Available data:

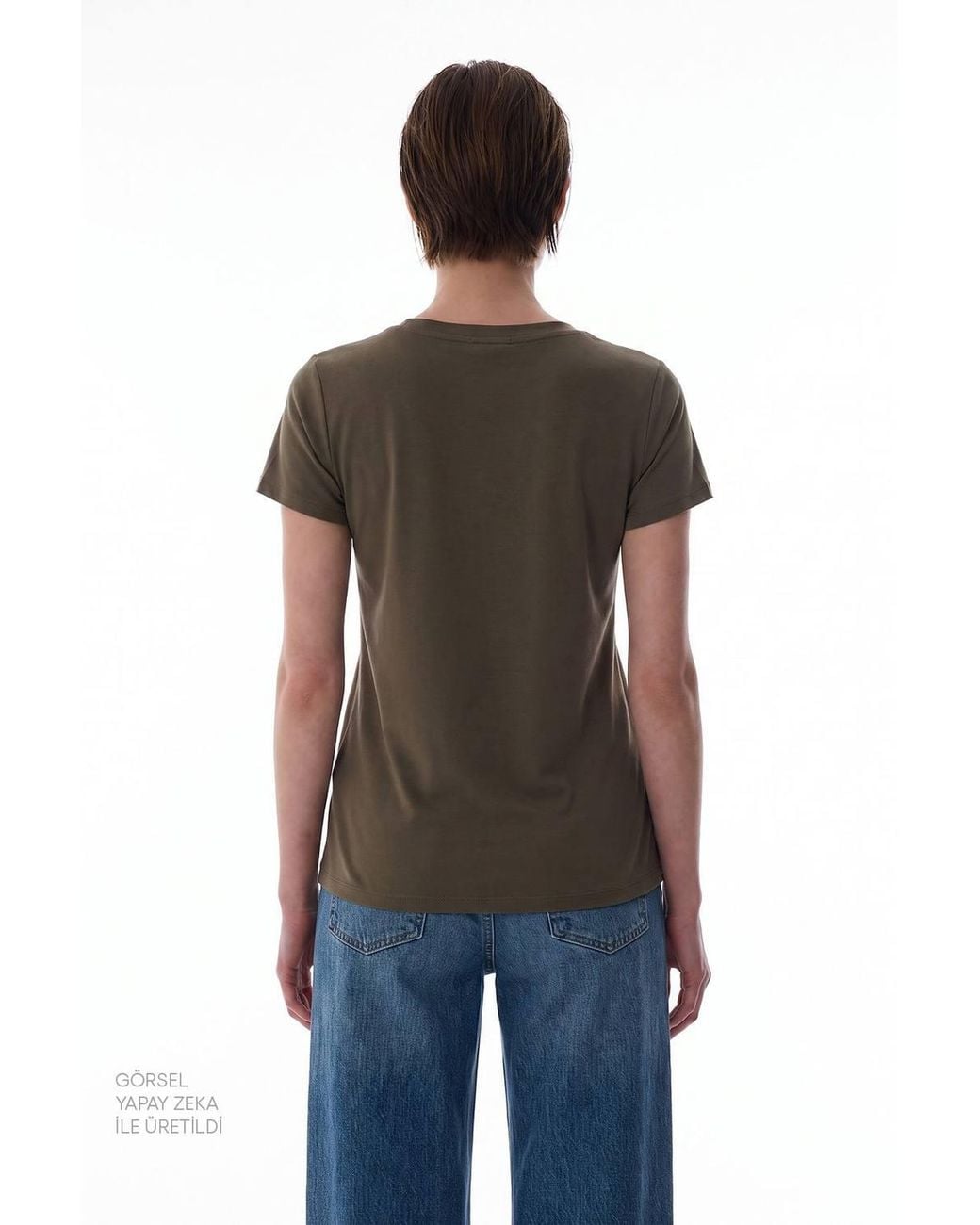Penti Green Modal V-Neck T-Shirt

...

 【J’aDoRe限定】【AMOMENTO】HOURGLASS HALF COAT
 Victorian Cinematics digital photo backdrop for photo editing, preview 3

--

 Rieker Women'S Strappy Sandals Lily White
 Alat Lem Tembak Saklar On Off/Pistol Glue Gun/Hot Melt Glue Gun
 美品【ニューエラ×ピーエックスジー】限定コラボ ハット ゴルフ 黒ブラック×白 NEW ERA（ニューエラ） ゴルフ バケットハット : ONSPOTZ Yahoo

Exercise prompt: Reproduce, character for character, only the lines of the preceding data that start at the line with "Rieker Women'S Strappy Sandals Lily White" and end at the line with "美品【ニューエラ×ピーエックスジー】限定コラボ ハット ゴルフ", both included.

Solution to this task:
 Rieker Women'S Strappy Sandals Lily White
 Alat Lem Tembak Saklar On Off/Pistol Glue Gun/Hot Melt Glue Gun
 美品【ニューエラ×ピーエックスジー】限定コラボ ハット ゴルフ 黒ブラック×白 NEW ERA（ニューエラ） ゴルフ バケットハット : ONSPOTZ Yahoo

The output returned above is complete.